On a particular day, I got playing with copper wires and found I could bend them to any shape I wished, so I got the idea of shaping it into a man’s figure. It looked nice when I was done and that became my new toy, a while later, I decided to create my man a horse he would ride like that of the legend of Zorro, it panned out fine. I went on to create a headgear for my wire man like that of batman with tow pointed edges. I got a piece of cloth that would serve as his cape, tore it to a good size and attached it to him and I had my own hand made batman action figure. He became my favorite toy and when it got lost, I made more. As time went by other kids some my age, some younger, others a little bit older came to the knowledge of my wire man and they liked it. They would come to play with me just to get to play with my man, it attracted a lot of friends to me. Some stole them, others would ask me to make one for them promising to pay me by cash, candies or the rendering of a service. Those closest to me got theirs for free. Some boys decided to rival me by making their own themselves, but it was never as good as mine. By the age of 12, I had myself a young apprentice by the name Gaius, who was 7 at that time and was as interested in wiremen as I was, he showed the same passion as me when I first began and was quite eager to learn, so I thought him and he was the only one I knew who came closest to rivalling my work.

By the time I was 14, I had lost most part of my interest in playing with my wire man, adolescence had set in and I wanted a phone instead, kids my age were getting social, chatting and making friends online, nobody was coming to me anymore to make action figures of copper wire for them, at least no one my age and I felt I needed to be part of the trend, so I shed most part of my childhood leaving it to my young apprentice and his generation of action figure enthusiast. By age 17, I would occasionally fashion a wire man or two for any kid who wanted something to play with, I was still pretty good at it. Now I am 20, adulthood had come beckoning at my front yard, I had more serious things to do, I had been admitted into the University, my future dependent on the decisions I make, these I had in mind while trying to make the best of my stay in the university, to have fun as much as I could, make friends, go into relationships and date as many girls as possible and at the end of it all make my parents proud by coming out with the best grades, my wire man making days were surely over.

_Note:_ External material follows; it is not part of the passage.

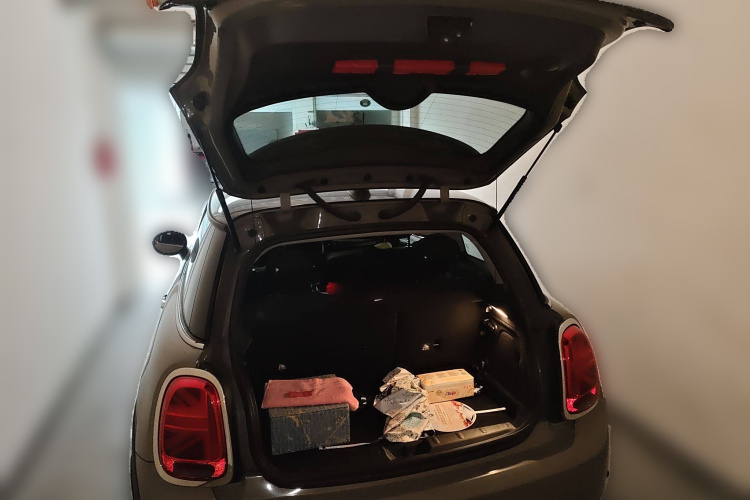 MINI 2018款 1.5T COOPER 经典派中控内饰23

These days when I walk around in my neighborhood and I see young kids playing with the wire man, I smile knowing that feeling, how much fun I had when I was their age and the knowledge of my action figure had been passed down. I look back and realize ‘damn’ it was easier to be an influence as a kid I use to think when I grow up, I would have my own money, buy whatever I wanted, go wherever I wished, do whatever. I used to dream about becoming an adult, but things don’t always turn out as you wish. These days I have few friend in the general sense of it, fewer I could really call such and less fun, adulthood is a sham.